After initial introductions, you want to keep the conversation going. This is when you want to avoid standard rhetoric such as commenting on the weather and instead ask open-ended questions.
“When you first meet someone, let’s say at a function, say ‘Hello how are you, are you enjoying the day? Are you enjoying the event? Have you been to an event like this before?’ Use your environment or the activity as your first topic,” says Charlene.
And if you are first connecting with a person online, say through a site like Amintro, Charlene offers the following advice.
“Give some information about yourself to open up the dialogue and tie that into your questions. For example, if you see on a person’s profile that their favourite country is Italy, use that as an opener.

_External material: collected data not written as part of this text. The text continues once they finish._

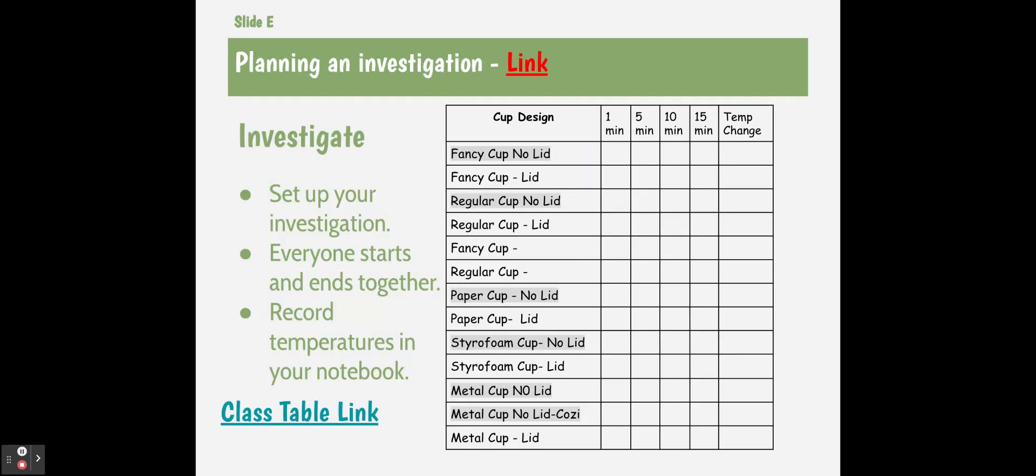We're going to fill out this sheet. And you're going to go to this table here. And you're going to find your class's data and put the data in.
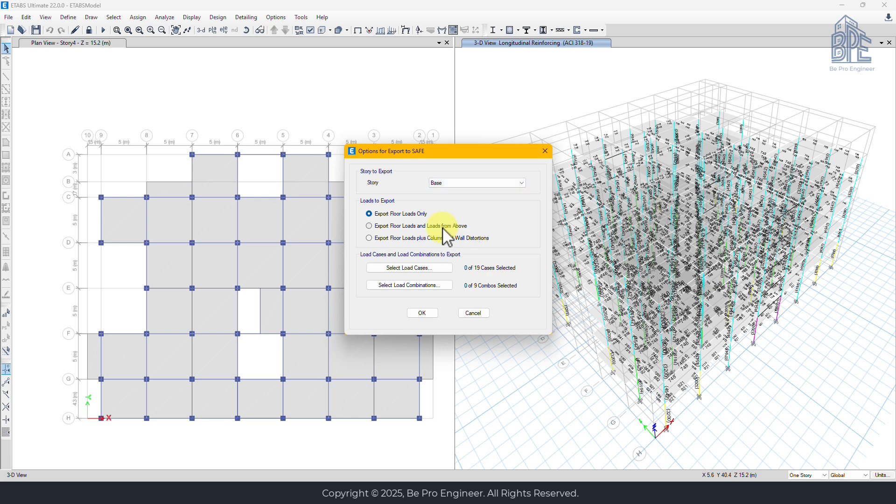Now in the export settings, we have three options for how loads are transferred. Export floor loads only includes the loads acting on the selected level, which is useful for slab design.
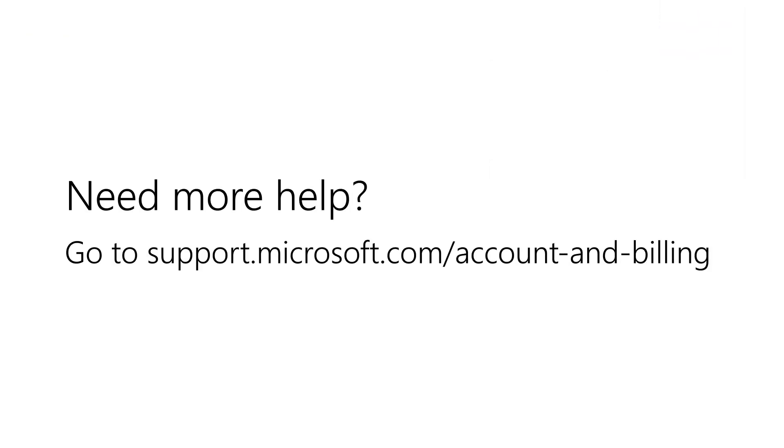Need more help? Go to support.microsoft.com slash account and billing.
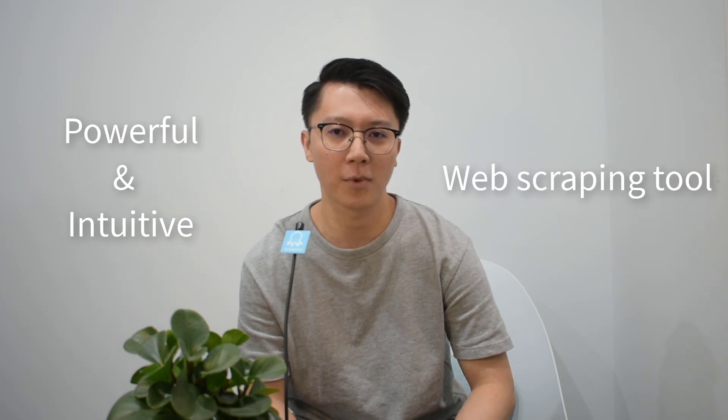In today's video, we're going to take one step further and see how to extract store information from Google Maps easily. For those who just know us for the first time, Octoparse is the most powerful and intuitive web scraping tool on the market. With Octoparse, data you want can be ready simply in a few clicks.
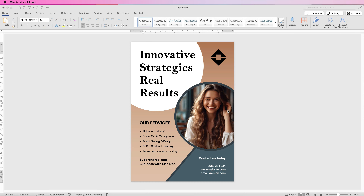Hi and welcome to the channel. Today I'm going to be showing you how to create a very simple but effective professional flyer in Word.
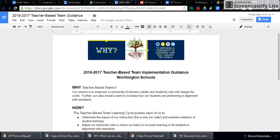Hi, this is Kelly Wegley, the Coordinator of Academic Achievement and Professional Development.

You could say ‘I noticed you’re a fan of Italy, have you been there before? I’d love to go myself one day’. This way you are tying yourself and the other person into the topic.”
On our social platform, Amintronian (member) profiles serve as a conversation starter. Use this information! As Charlene points out, “People are sharing what they want others to see, it is what makes them unique and they expect you to have already read their background if you are getting in touch. Just remember that in order to get information, you have to give information.”
Creating a bridge in the conversation – letting the person know why you are asking a question or tying the question to a point about yourself – allows the conversation to flow without anyone feeling like they are part of an inquisition. Breaking down barriers with commonalities brings people closer together and allows the conversation to take off in all different directions.
While getting to know others may be harder for those that are shy, socialization is necessary to be happy and healthy. We understand that you may not want to be the first person to engage in conversation or take that first step, and for this hesitation, Charlene has a great response, “No one wants to be the first on the dance floor, but everyone wants to be on the dance floor”.
So go ahead, be inquisitive. You are not being intrusive, especially in a setting such as Amintro where you are among a circle of peers that all want to meet new people. Don’t be shy. You may be an individual and you may be new but you are part of a community that wants to make new friends and try new things.
It doesn’t matter if you are an introvert or an extrovert, at the end of the day we are all better off after engaging in social settings. You will be glad that you made the effort, got out of your comfort zone, and now have numerous new friendships because of it.